Ampicillin

 Risk Factor: B
 Class: ANTI-INFECTIVES / Penicillins

Contents of this page:

Fetal Risk Summary
Breast Feeding Summary
References
Questions and Answers

Fetal Risk Summary


Ampicillin is a penicillin antibiotic (see also Penicillin G). The drug rapidly crosses the placenta into the fetal circulation and amniotic fluid (1,2,3,4,5 and 6). Fetal serum levels can be detected within 30 minutes and equilibrate with maternal serum in 1 hour. Amniotic fluid levels can be detected in 90 minutes, reaching 20% of the maternal serum peak in about 8 hours. The pharmacokinetics of ampicillin during pregnancy have been reported (7,8).

Ampicillin depresses both plasma-bound and urinary excreted estriol by inhibiting steroid conjugate hydrolysis in the gut (9,10,11,12 and 13). Urinary estriol was formerly used to assess the condition of the fetoplacental unit, depressed levels being associated with fetal distress. This assessment is now made by measuring plasma unconjugated estriol, which is not usually affected by ampicillin. An interaction between ampicillin and oral contraceptives resulting in pregnancy has been suspected (14,15). Two studies, however, failed to confirm this interaction and concluded that alternate contraceptive methods were not necessary during ampicillin therapy (16,17).

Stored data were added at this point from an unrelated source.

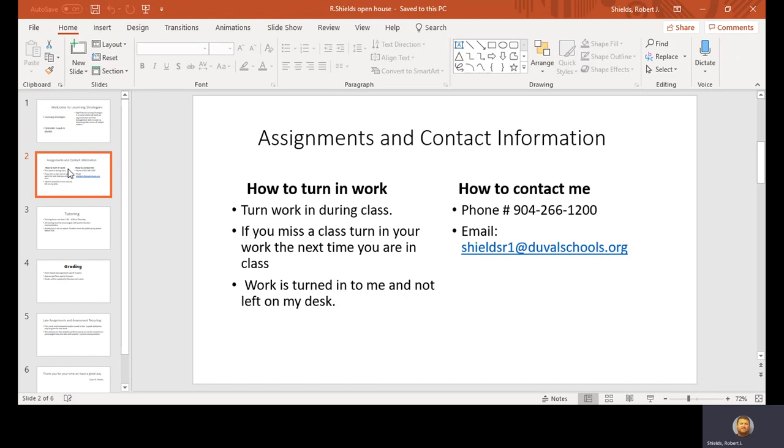If you need to get a hold of me, 904-266-1200. That's the school. Just get to whoever answers the phone and they'll direct you to me. The easiest way is probably email: ShieldsR1 at DuvalSchools.org.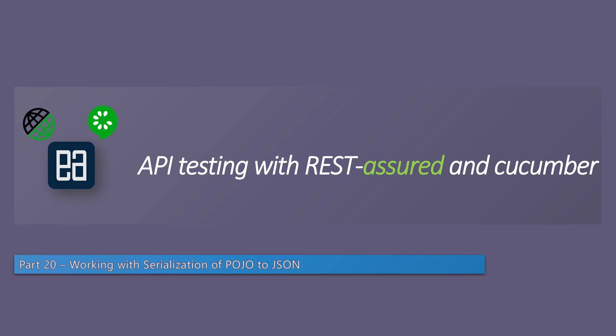Hi guys, my name is Karthik and I am from Ezra automation.com. Welcome to part 20 of our API testing with REST-assured and cucumber course. In this video we're going to talk about working with serialization of POJOs to JSON.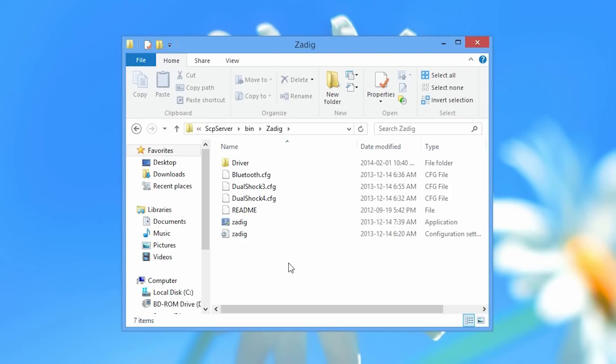Now I must warn you that if you overwrite your drivers with Zadig this will lock your bluetooth dongle to only work with Playstation controllers. So you will not be able to connect a bluetooth mouse or keyboard or anything else to this bluetooth dongle. You have to have a dedicated bluetooth dongle for the Playstation controllers.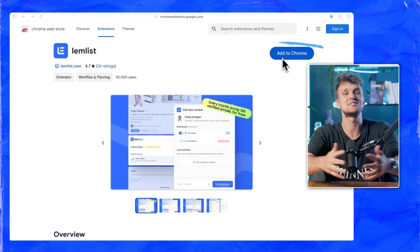Not anymore. Starting today, you can use Lemnist Freemium to get your leads' emails from LinkedIn entirely for free.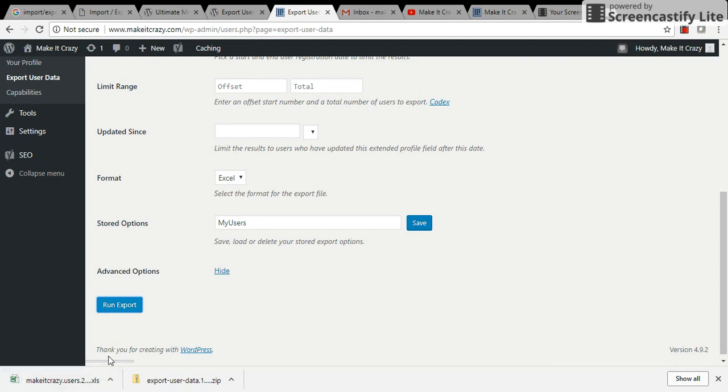Yes, now the Excel is created. I'm just opening that. So these are my users, all 158 I got. I can just select this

The use of ampicillin in early pregnancy was associated with a prevalence ratio estimate of 3.3 (90% confidence intervals [CI] 1.38.1, p=0.02) for congenital heart disease in a retrospective study (18). A specific defect, transposition of the great arteries, had a risk of 7.7 (90% CI 1.338) based on exposure in 2 of the 29 infants with the anomaly. The investigators did note, however, that the results had to be viewed cautiously because the data were subject to recall bias (drug histories were taken by questionnaire or telephone up to a year after presumed exposure) and the study could not distinguish between the fetal effects of the drug versus those of the infectious agent(s) for which the drugs were used. Others have also shared this concern (19). Other reports linking the use of ampicillin with congenital defects have not been located.

The Collaborative Perinatal Project monitored 50,282 mother-child pairs, 3,546 of whom had 1st trimester exposure to penicillin derivatives (20, pp. 297313). For use anytime during pregnancy, 7,171 exposures were recorded (20, p. 435). In neither group was evidence found to suggest a relationship to large categories of major or minor malformations or to individual defects. Based on these data, it is unlikely that ampicillin is teratogenic.

In a surveillance study of Michigan Medicaid recipients involving 229,101 completed pregnancies conducted between 1985 and 1992, 10,011 newborns had been exposed to ampicillin during the 1st trimester (F. Rosa, personal communication, FDA, 1993). A total of 441 (4.4%) major birth defects were observed (426 expected). Specific data were available for six defect categories, including (observed/expected) 116/100 cardiovascular defects, 13/16 oral clefts, 6/8 spina bifida, 36/29 polydactyly, 9/17 limb reduction defects, and 27/24 hypospadias. These data do not support an association between the drug and the defects.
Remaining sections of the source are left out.